**What you are asked to do**
What is needed is an exact copy of the whole listing below, with no pictures.

**Data block**
====

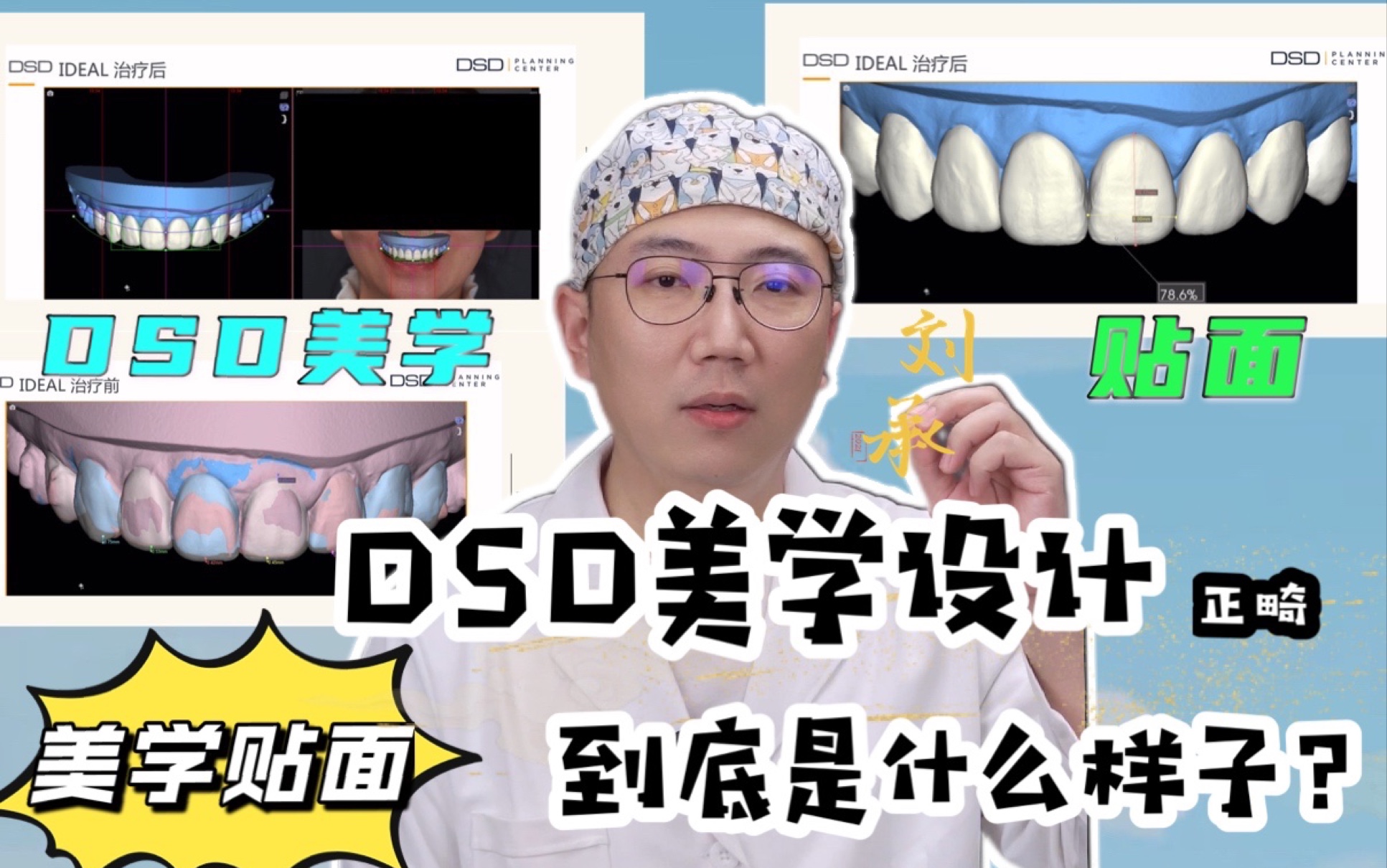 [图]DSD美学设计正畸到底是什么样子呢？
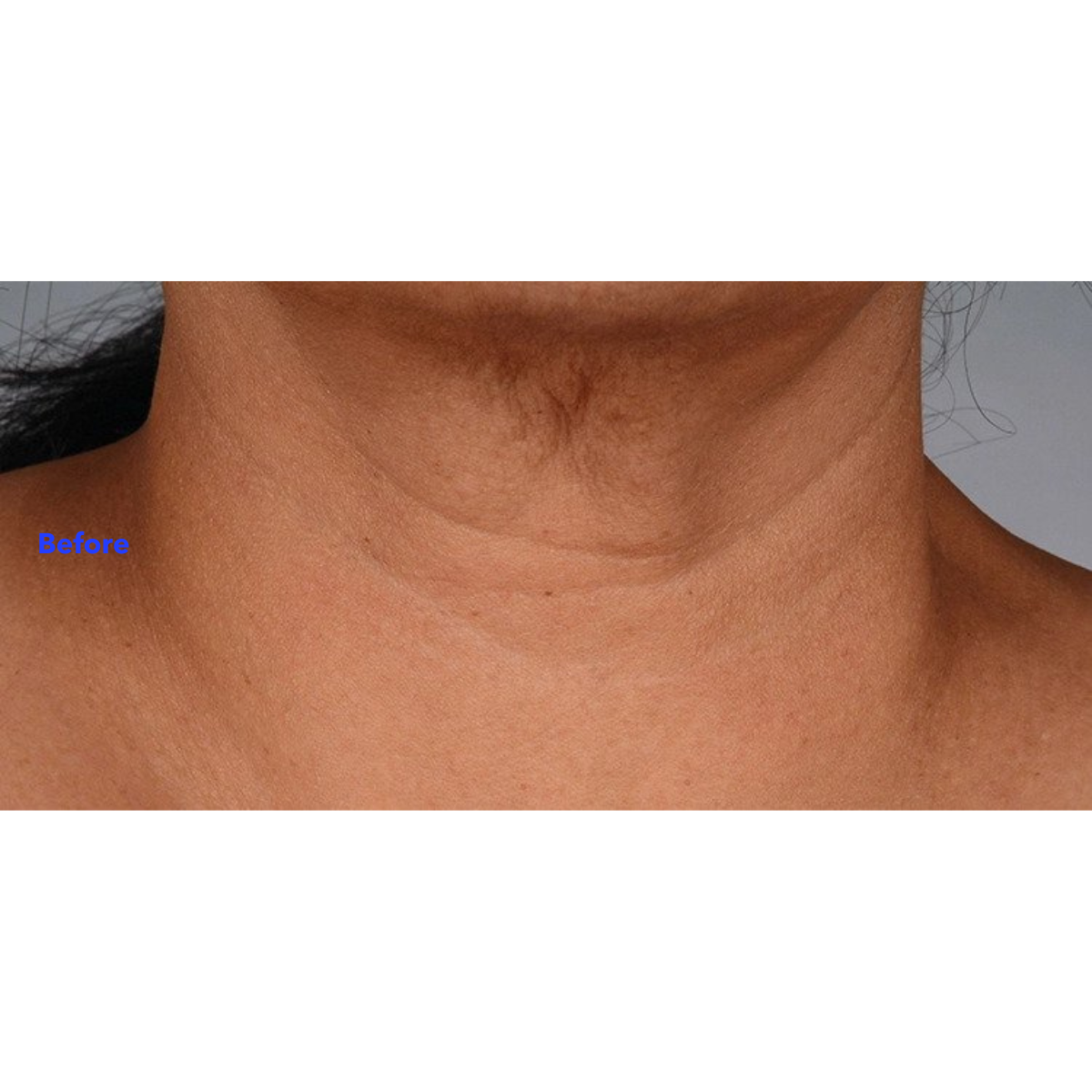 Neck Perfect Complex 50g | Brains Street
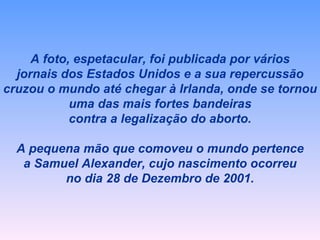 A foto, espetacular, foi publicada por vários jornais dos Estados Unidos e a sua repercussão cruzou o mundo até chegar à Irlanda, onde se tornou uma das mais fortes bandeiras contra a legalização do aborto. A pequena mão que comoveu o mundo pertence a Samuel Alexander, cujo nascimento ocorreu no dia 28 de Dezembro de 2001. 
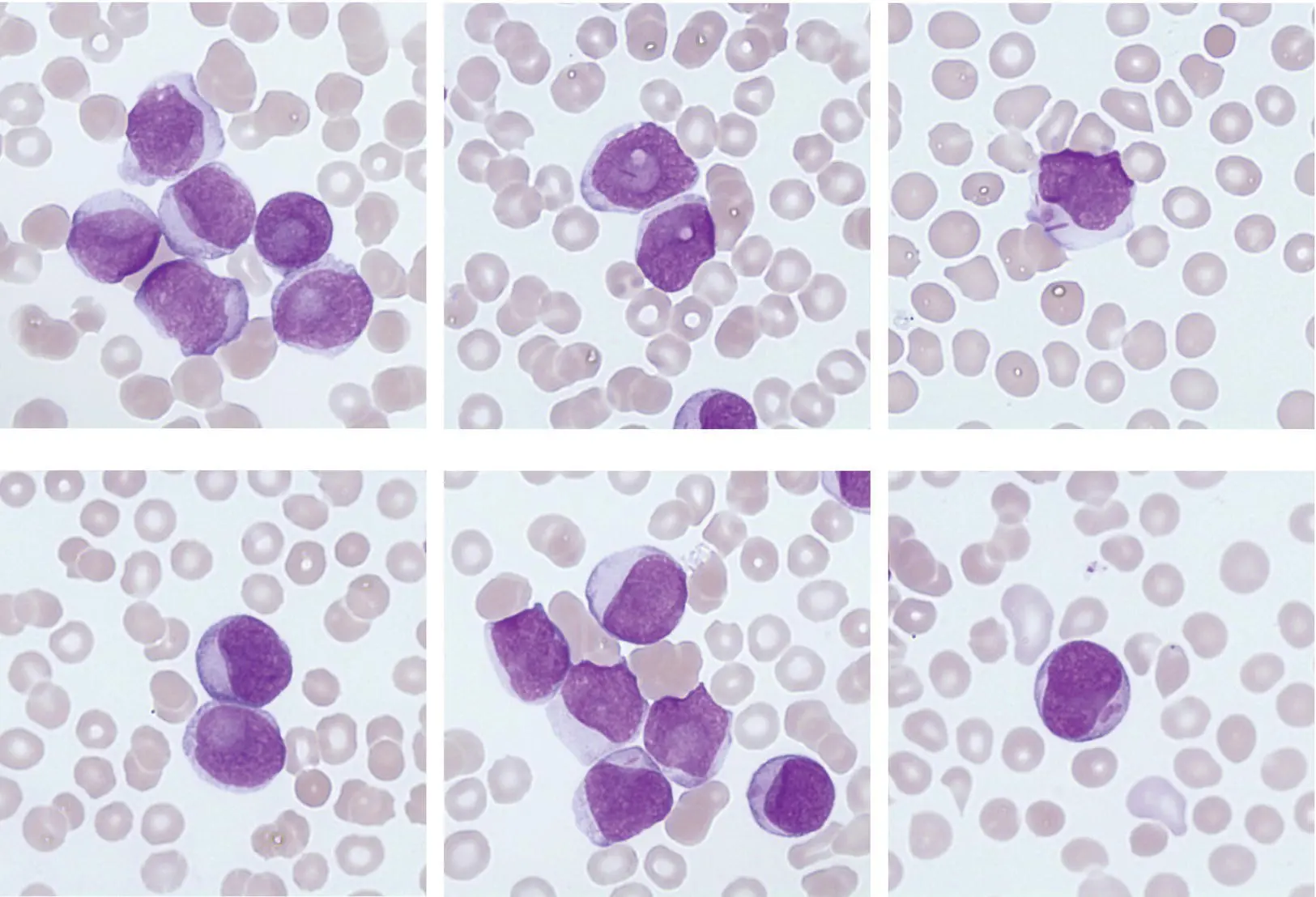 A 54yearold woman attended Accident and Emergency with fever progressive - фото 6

====

**Output of the task**
 [图]DSD美学设计正畸到底是什么样子呢？
 Neck Perfect Complex 50g | Brains Street
 A foto, espetacular, foi publicada por vários jornais dos Estados Unidos e a sua repercussão cruzou o mundo até chegar à Irlanda, onde se tornou uma das mais fortes bandeiras contra a legalização do aborto. A pequena mão que comoveu o mundo pertence a Samuel Alexander, cujo nascimento ocorreu no dia 28 de Dezembro de 2001. 
 A 54yearold woman attended Accident and Emergency with fever progressive - фото 6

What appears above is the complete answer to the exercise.